ワインを作るようになって3年目の冬がやってきた。
日本とドイツとその他の地域を行ったり来たりの数年なのだけれど、秋から冬にかけてのこの時期は、収穫期であることもあるし、クリスマス前ということで、ドイツに滞在することが多い。本当は、ドイツは5-6月が一番最高だということを、皆に伝えておきたいところだけれど、その話はまた今度。
この家に越してきたとき、勝手口に伸び放題のブドウの老木があって、風情はあるものの、剪定めんどくさそうだと思った自分を恥ずかしく思う。しかも、駐車場のジャリの一角に、申し訳程度に囲われた花壇から伸びている一本の老木。

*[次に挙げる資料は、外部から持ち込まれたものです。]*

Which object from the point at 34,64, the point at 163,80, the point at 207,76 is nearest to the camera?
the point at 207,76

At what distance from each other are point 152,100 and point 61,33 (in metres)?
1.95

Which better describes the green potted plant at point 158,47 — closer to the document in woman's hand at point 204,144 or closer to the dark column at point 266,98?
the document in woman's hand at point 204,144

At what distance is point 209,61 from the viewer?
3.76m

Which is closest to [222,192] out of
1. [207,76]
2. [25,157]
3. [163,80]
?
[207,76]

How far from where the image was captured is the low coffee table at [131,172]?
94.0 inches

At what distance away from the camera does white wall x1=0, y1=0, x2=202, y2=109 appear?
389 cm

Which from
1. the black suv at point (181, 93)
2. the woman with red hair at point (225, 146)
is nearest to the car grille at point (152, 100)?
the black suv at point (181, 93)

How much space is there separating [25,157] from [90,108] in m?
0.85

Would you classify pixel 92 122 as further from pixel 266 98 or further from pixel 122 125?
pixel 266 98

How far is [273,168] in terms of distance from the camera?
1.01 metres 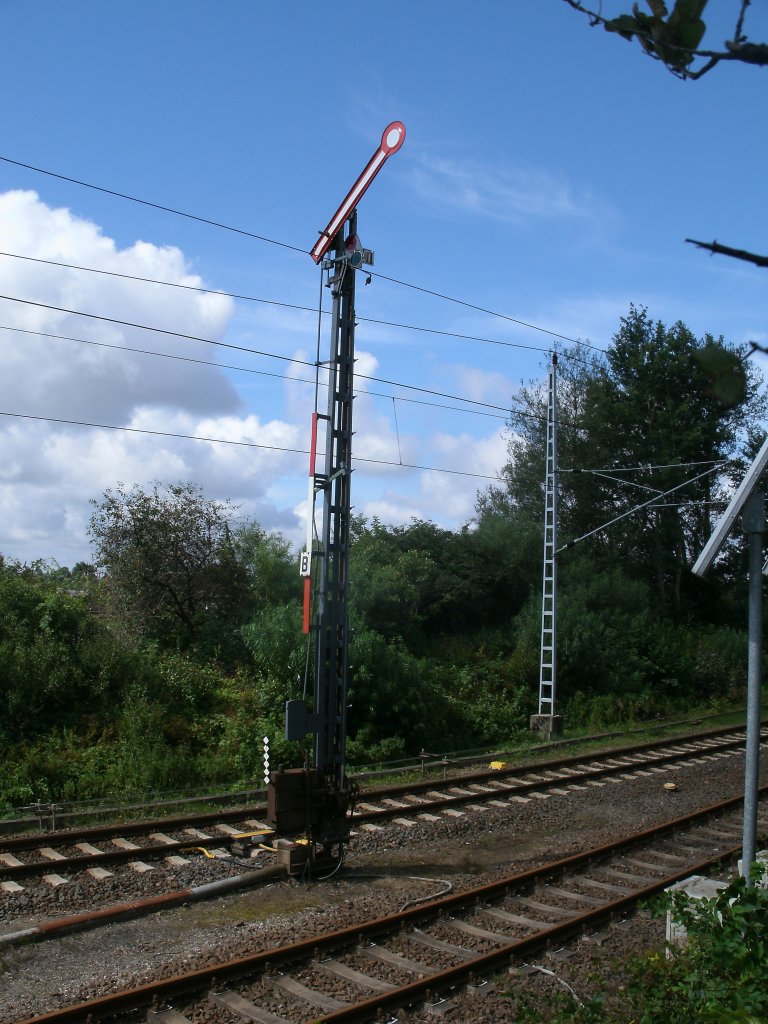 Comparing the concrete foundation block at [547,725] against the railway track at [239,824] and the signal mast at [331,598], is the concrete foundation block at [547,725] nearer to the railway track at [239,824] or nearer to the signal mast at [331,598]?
the railway track at [239,824]

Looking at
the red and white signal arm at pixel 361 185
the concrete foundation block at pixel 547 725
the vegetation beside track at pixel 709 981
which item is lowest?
the concrete foundation block at pixel 547 725

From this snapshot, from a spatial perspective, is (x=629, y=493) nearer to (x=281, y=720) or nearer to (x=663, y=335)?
(x=663, y=335)

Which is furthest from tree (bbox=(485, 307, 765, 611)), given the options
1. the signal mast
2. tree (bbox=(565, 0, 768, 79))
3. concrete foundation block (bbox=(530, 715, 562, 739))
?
tree (bbox=(565, 0, 768, 79))

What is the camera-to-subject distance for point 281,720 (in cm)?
1759

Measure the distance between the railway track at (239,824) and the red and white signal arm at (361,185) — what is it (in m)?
7.32

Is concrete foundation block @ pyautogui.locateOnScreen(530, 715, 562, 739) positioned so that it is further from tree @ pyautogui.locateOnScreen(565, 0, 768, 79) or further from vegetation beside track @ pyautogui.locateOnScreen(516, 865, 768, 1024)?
tree @ pyautogui.locateOnScreen(565, 0, 768, 79)

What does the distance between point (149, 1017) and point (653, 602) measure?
3184 centimetres

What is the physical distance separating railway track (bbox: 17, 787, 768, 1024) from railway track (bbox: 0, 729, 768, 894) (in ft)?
8.62

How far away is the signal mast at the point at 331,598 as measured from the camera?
9.84 meters

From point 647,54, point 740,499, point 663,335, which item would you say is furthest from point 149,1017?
point 663,335

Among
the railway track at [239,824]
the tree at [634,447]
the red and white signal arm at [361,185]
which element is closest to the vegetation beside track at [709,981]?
the railway track at [239,824]

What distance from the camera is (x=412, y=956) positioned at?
736cm

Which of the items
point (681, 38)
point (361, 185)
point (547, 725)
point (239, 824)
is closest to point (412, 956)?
point (239, 824)

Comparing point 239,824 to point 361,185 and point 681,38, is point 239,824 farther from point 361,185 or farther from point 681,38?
point 681,38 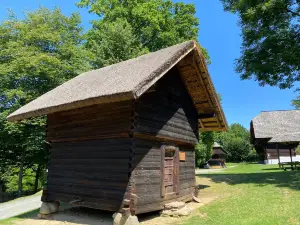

肥料も水もなーんにもあげないままに最初の秋が過ぎた。
そして、大量になるブドウを眺めつつも、あの時は病気すぎてブドウを収穫しようという発想すら起こらず、家族が「ブドウがやばい。大量になってる」といっても、「鳥さんたちにあげればいい。いつも人間が食べなければと思う発想が間違っている」などと高尚なことを言い放っていた。ベットから…。
2年目の秋に、元学生たちがお手伝いにきてくれたので、「そうだワインを作ればいい」と思い付いた。ブドウを収穫してもらって、ひたすらブドウの実と枝を分けて、ボウルの中にぶち込む。そして、ブドウを素手で潰し、砂糖を入れて軽く蓋を閉める。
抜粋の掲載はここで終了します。